◆ The data:
################
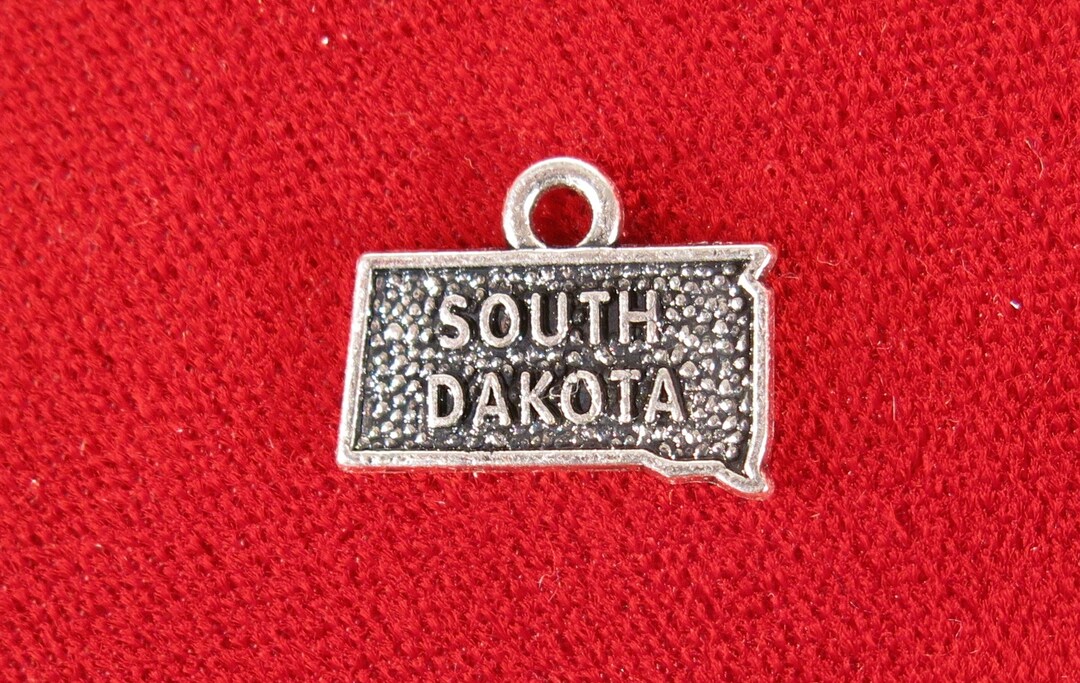 10pc south Dakota Charms in Antique Silver Style - Etsy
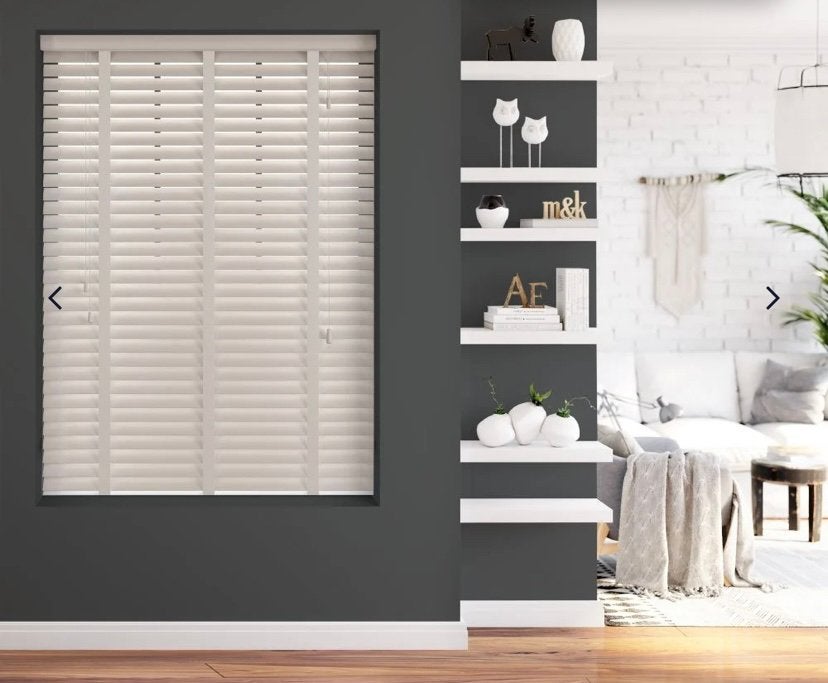 Witte houten jaloezieën TUISS, Gebruikt, 100 tot 150 cm, Wit, Ophalen of Verzenden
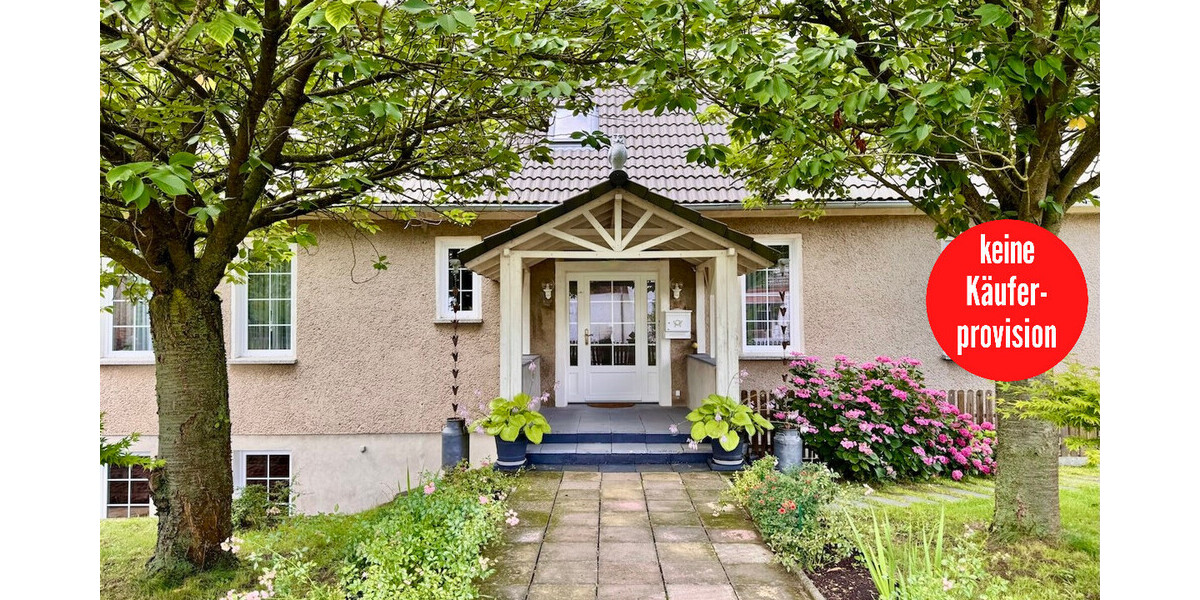 HORN IMMOBILIEN + großzügiges und elegantes Einfamilienhaus mit Einliegerwohnung und Garage in Gartz - Einliegerwohnung Gartz Gartz | Angebot:25538760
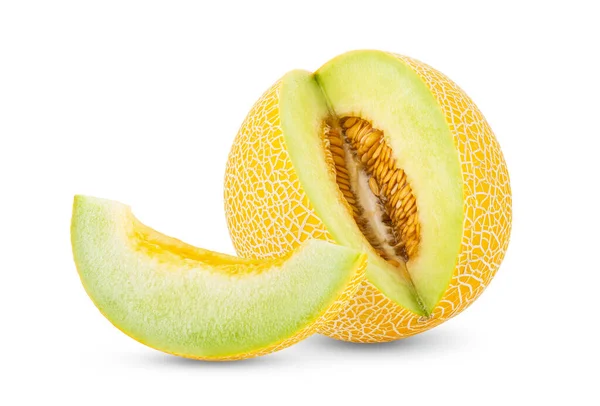 Melone Isoliert Auf Weißem Hintergrund — Stockfoto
################
◆ Prompt: Return the material exactly as written, except for any pictures it holds.

◆ Your solution:
 10pc south Dakota Charms in Antique Silver Style - Etsy
 Witte houten jaloezieën TUISS, Gebruikt, 100 tot 150 cm, Wit, Ophalen of Verzenden
 HORN IMMOBILIEN + großzügiges und elegantes Einfamilienhaus mit Einliegerwohnung und Garage in Gartz - Einliegerwohnung Gartz Gartz | Angebot:25538760
 Melone Isoliert Auf Weißem Hintergrund — Stockfoto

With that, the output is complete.